Pretty decent accuracy. 

# **XG Boost Model**

Dataframe Preprocessing

In [None]:
train_df.head()

Need to encode labels since we cant have strings. I took this part from [this notebook.](https://www.kaggle.com/sohommajumder21/resnet50v2-and-randomforestregresion)

In [None]:
train_df['Insurance_company'] = LabelEncoder().fit_transform(train_df['Insurance_company'])
test_df['Insurance_company'] = LabelEncoder().fit_transform(test_df['Insurance_company'])

In [None]:
train_df.head()

In [None]:
train_df.Expiry_date = train_df.Expiry_date.apply(pd.to_datetime)
train_df['month'] = train_df.Expiry_date.apply(lambda x: x.month)
train_df['day'] = train_df.Expiry_date.apply(lambda x: x.day)
train_df['year'] = train_df.Expiry_date.apply(lambda x: x.year)
train_df.drop(['Expiry_date'], 1, inplace = True)

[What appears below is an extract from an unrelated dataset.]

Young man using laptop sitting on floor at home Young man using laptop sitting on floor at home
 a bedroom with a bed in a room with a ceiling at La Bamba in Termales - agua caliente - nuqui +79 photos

test_df.Expiry_date = test_df.Expiry_date.apply(pd.to_datetime)
test_df['month'] = test_df.Expiry_date.apply(lambda x: x.month)
test_df['day'] = test_df.Expiry_date.apply(lambda x: x.day)
test_df['year'] = test_df.Expiry_date.apply(lambda x: x.year)
test_df.drop(['Expiry_date'], 1, inplace = True)

In [None]:
train_df.head()

Finding important features

In [None]:
features = train_df[['Cost_of_vehicle', 'Insurance_company', 'Min_coverage', 'Max_coverage', 'month', 'day', 'year']]

In [None]:
ax = sns.heatmap(features)

In [None]:
X = train_df[['Cost_of_vehicle', 'Max_coverage', 'Min_coverage']]
y = train_df['Amount']

In [None]:
X_train, X_valid, y_train, y_valid = train_test_split(X, y, train_size=0.95, random_state=0)

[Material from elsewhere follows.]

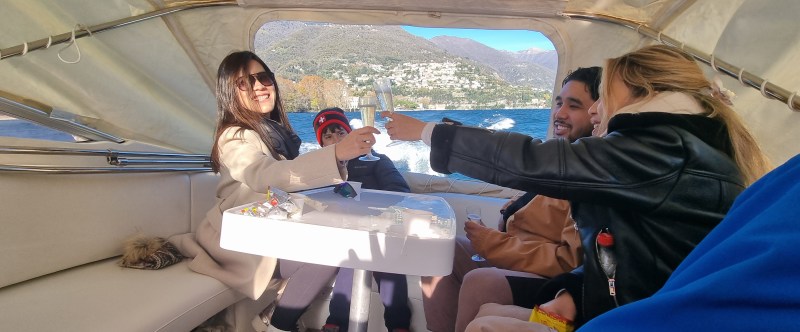 Group of people on a boat toasting with glasses in a scenic lake setting.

# **Training XGBoost Model**

In [None]:
regression_model = XGBRegressor(n_estimators=1000, learning_rate=0.001)
regression_model.fit(X_train, y_train, early_stopping_rounds=5, eval_set=[(X_valid, y_valid)], verbose=False)

In [None]:
predictions = regression_model.predict(X_valid)
print("Mean Absolute Error: " + str(mean_absolute_error(predictions, y_valid)))

First time using machine learning in a project, so bad results as expected :)